(Input for this task begins)

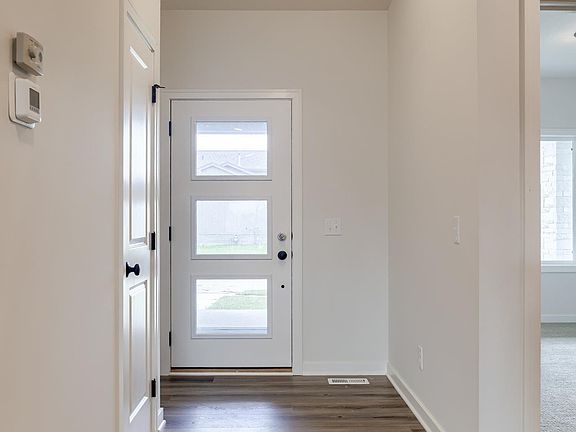 3rd image of 5505 Arrowhead Ln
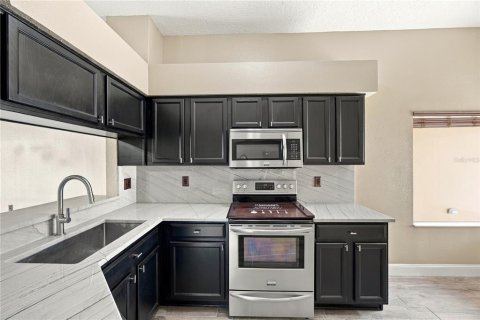 Casa en venta en Zephyrhills, Florida, 4 dormitorios, 145.3 m2 № 2383382 - foto 13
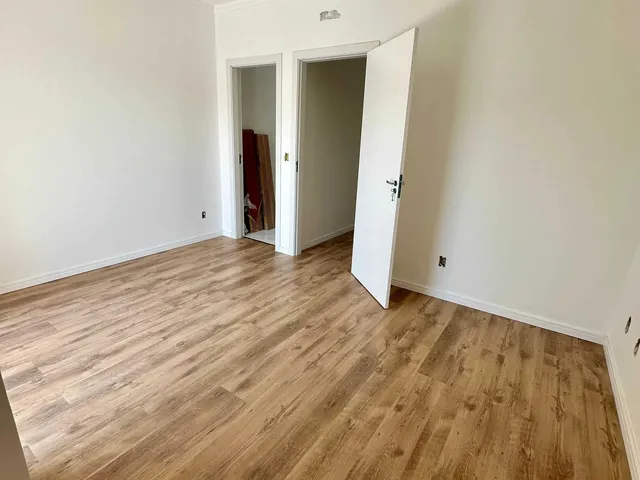 Imagem 10: Geminado com 3 Dormitórios Sendo 1 Suíte e 1 Vaga de Garagem -...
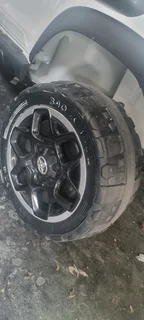 RIDE ON TOYOTA HILUX 12V R6500.00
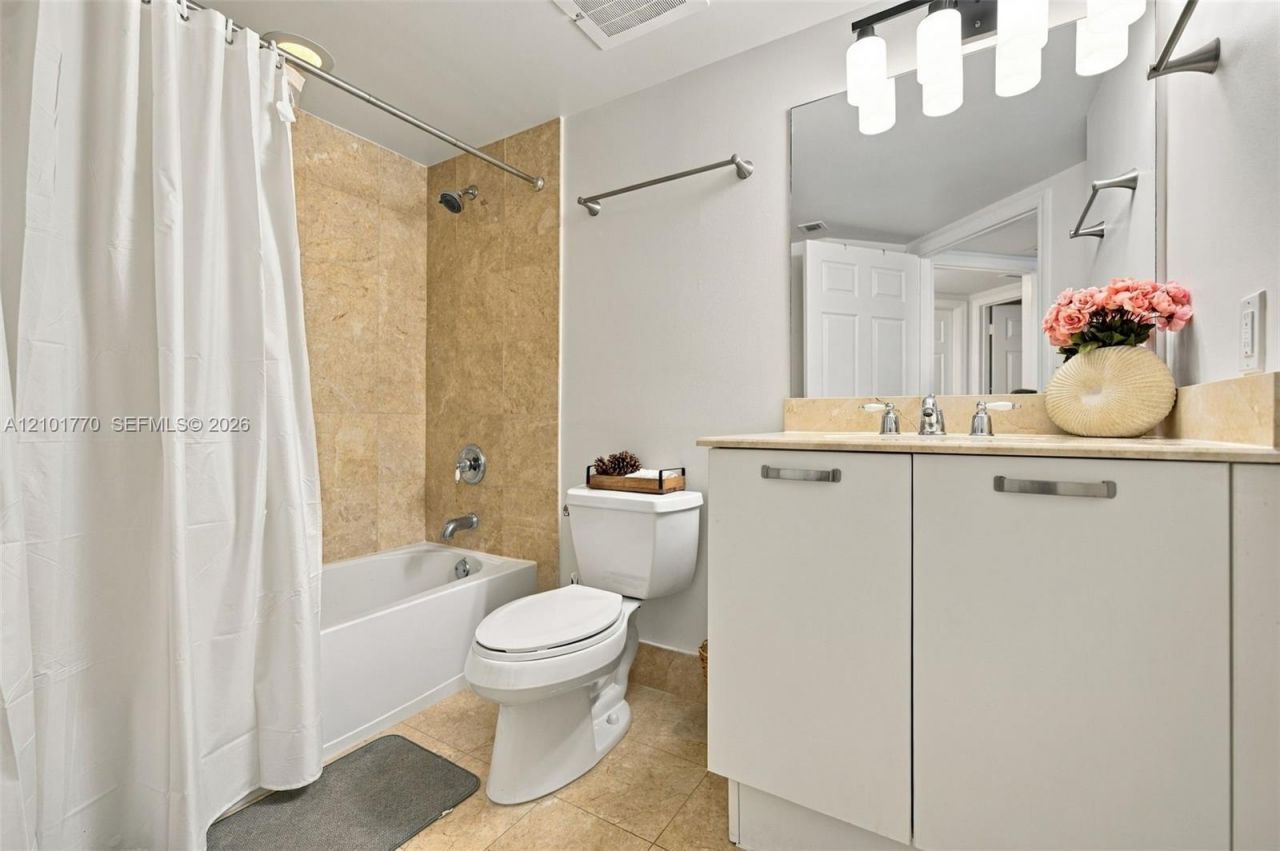 2001 Ocean Blvd, Unit 701, Fort Lauderdale, FL 33305 Photo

(Input for this task ends)

▶ _Task to complete_:
Retype every entry exactly as written, but omit the pictures.

▶ _Exercise output_:
 3rd image of 5505 Arrowhead Ln
 Casa en venta en Zephyrhills, Florida, 4 dormitorios, 145.3 m2 № 2383382 - foto 13
 Imagem 10: Geminado com 3 Dormitórios Sendo 1 Suíte e 1 Vaga de Garagem -...
 RIDE ON TOYOTA HILUX 12V R6500.00
 2001 Ocean Blvd, Unit 701, Fort Lauderdale, FL 33305 Photo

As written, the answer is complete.